Problem Description

Given an integer array arr and an integer k, your task is to calculate the mean (average) of the array after removing the smallest k elements and the largest k elements. The mean should be returned as a floating-point number. You must not reuse or double-count any elements, and there is always at least one valid solution (i.e., the array is large enough so that after removing 2k elements, at least one remains).

Constraints:

• 1 ≤ arr.length ≤ 1000
• 1 ≤ k < arr.length / 2
• Do not reuse or double-count elements.
• There is always at least one element remaining after removals.

Thought Process

The first thought is to literally remove the k smallest and k largest elements and then compute the mean of what's left. Brute-force would sort the array, slice off the ends, and average the rest. The constraints are small, so a sort is acceptable. However, we should always consider if there's a more efficient way, especially if the problem size were larger.

Since the problem requires removing elements from both ends, sorting is the most direct and reliable method. We don't need to worry about duplicate values or in-place operations, as we can use sorting and slicing. This approach is both simple and effective.

Solution Approach

Here is the step-by-step algorithm to solve this problem:

1. Sort the array arr: Sorting arranges all elements in ascending order, making it easy to remove the smallest and largest values.
2. Remove the smallest and largest k elements: After sorting, the first k elements are the smallest, and the last k are the largest.
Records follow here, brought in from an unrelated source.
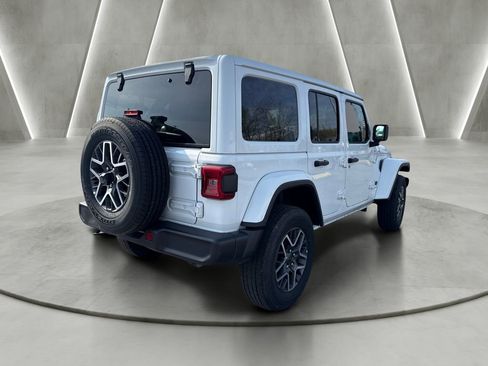 Used 2025 Jeep Wrangler Unlimited Sahara AWD/4WD image 7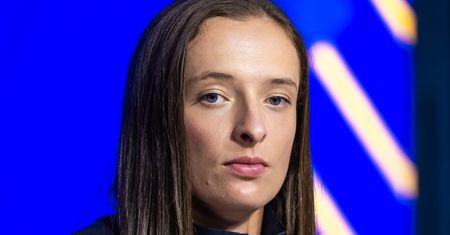 "Tenis ma problem z lekami". Posłużył się przykładem Igi Świątek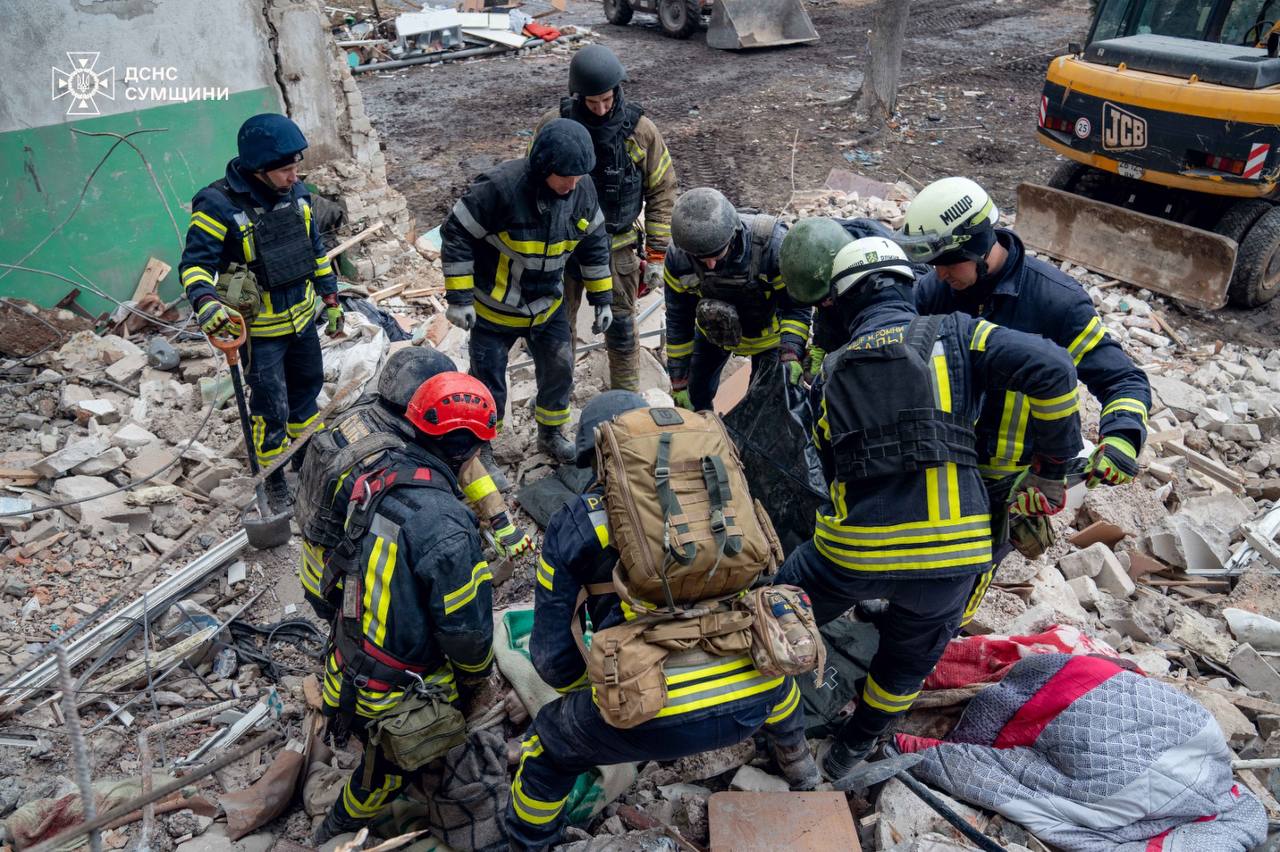 Розбір завалів у Глухові. Фото: ДСНС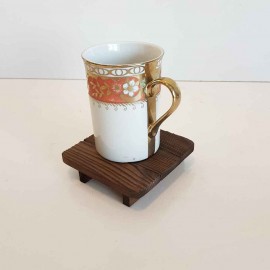 زیرلیوانی چوبی رنگ قهوه ای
We can exclude these by slicing the array from index k to len(arr) - k.
3. Calculate the mean: Sum the remaining elements and divide by their count to get the mean as a floating-point number.
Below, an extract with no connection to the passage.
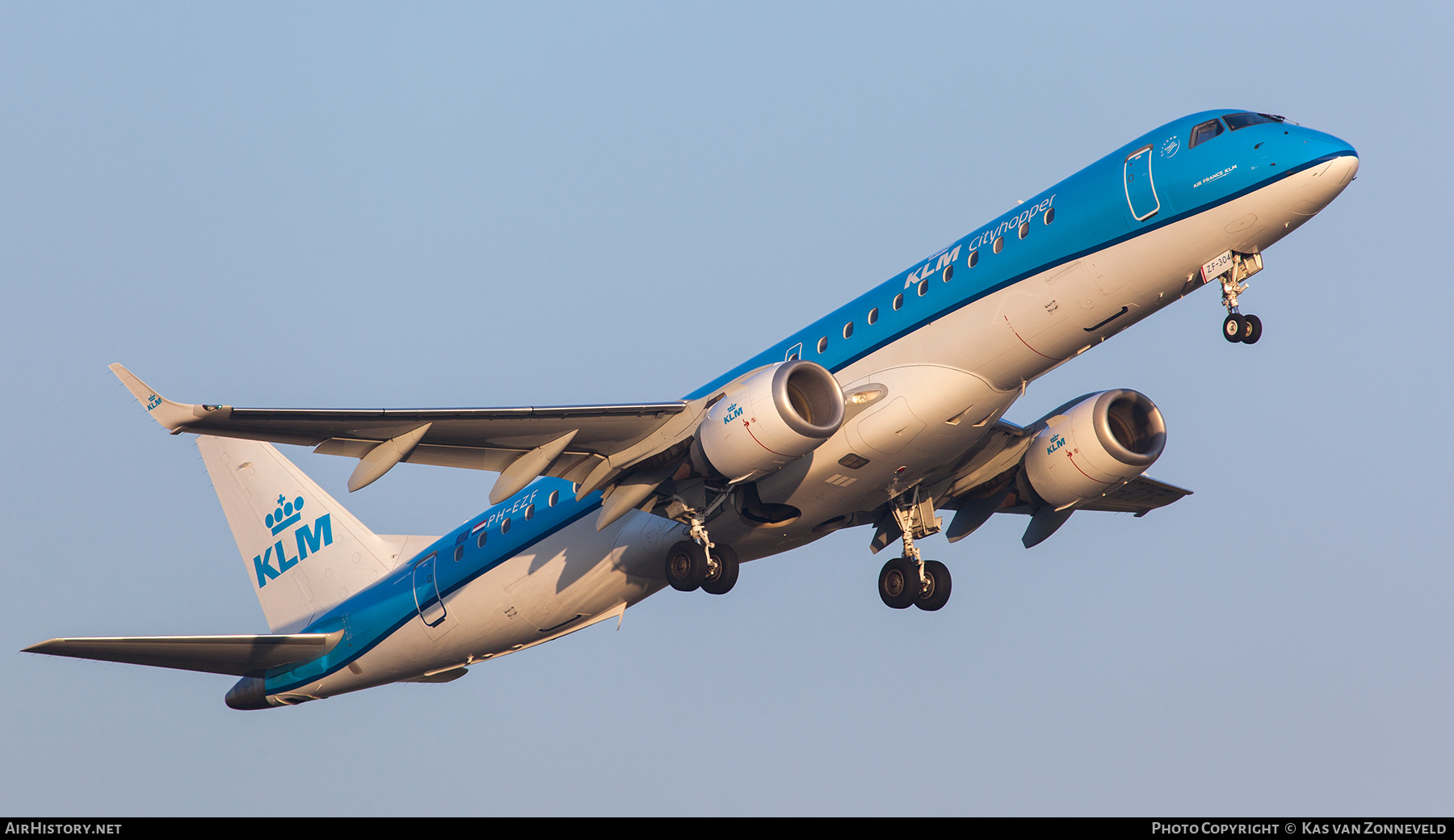 Aircraft Photo of PH-EZF | Embraer 190STD (ERJ-190-100STD) | KLM Cityhopper | AirHistory.net #486422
This approach is simple and leverages built-in language features for sorting and slicing, making it both readable and efficient for the given constraints.

Example Walkthrough

Let's walk through an example:

• Input: arr = [6, 2, 7, 5, 1, 2, 0, 10, 3, 9], k = 2
• Step 1 (Sort): arr = [0, 1, 2, 2, 3, 5, 6, 7, 9, 10]
• Step 2 (Remove smallest and largest 2): Remove [0, 1] (smallest 2) and [9, 10] (largest 2). Remaining: [2, 2, 3, 5, 6, 7]
• Step 3 (Compute mean): Sum = 2 + 2 + 3 + 5 + 6 + 7 = 25. Count = 6. Mean = 25 / 6 ≈ 4.1667

The final answer is approximately 4.1667.

Time and Space Complexity

• Brute-force approach: If we searched for the k smallest and largest elements in O(n) time each, it would be O(kn), but that's unnecessary here.
• Optimized approach: Sorting the array is O(n log n). Slicing and summing the middle section is O(n). So overall, the time complexity is O(n log n).
• Space Complexity: Sorting may use O(n) extra space depending on the language implementation. Slicing creates a subarray, which is also O(n) in the worst case.

Summary

The key insight is to sort the array, remove the smallest and largest k elements, and average the rest. This approach is both intuitive and efficient for the problem constraints. Sorting simplifies the removal process, and slicing ensures we do not double-count or reuse elements. The solution is elegant due to its simplicity and directness.

Code Implementation

class Solution:
    def trimMean(self, arr: List[int], k: int) -> float:
        arr.sort()
        trimmed = arr[k:len(arr)-k]
        return sum(trimmed) / len(trimmed)
      

class Solution {
public:
    double trimMean(vector<int>& arr, int k) {
        sort(arr.begin(), arr.end());
        int n = arr.size();
        int sum = 0;
        for (int i = k; i < n - k; ++i) {
            sum += arr[i];
        }
        return (double)sum / (n - 2 * k);
    }
};
      

class Solution {
    public double trimMean(int[] arr, int k) {
        Arrays.sort(arr);
        int n = arr.length;
        int sum = 0;
        for (int i = k; i < n - k; i++) {
            sum += arr[i];
        }
        return (double) sum / (n - 2 * k);
    }
}
      

var trimMean = function(arr, k) {
    arr.sort((a, b) => a - b);
    let trimmed = arr.slice(k, arr.length - k);
    let sum = trimmed.reduce((a, b) => a + b, 0);
    return sum / trimmed.length;
};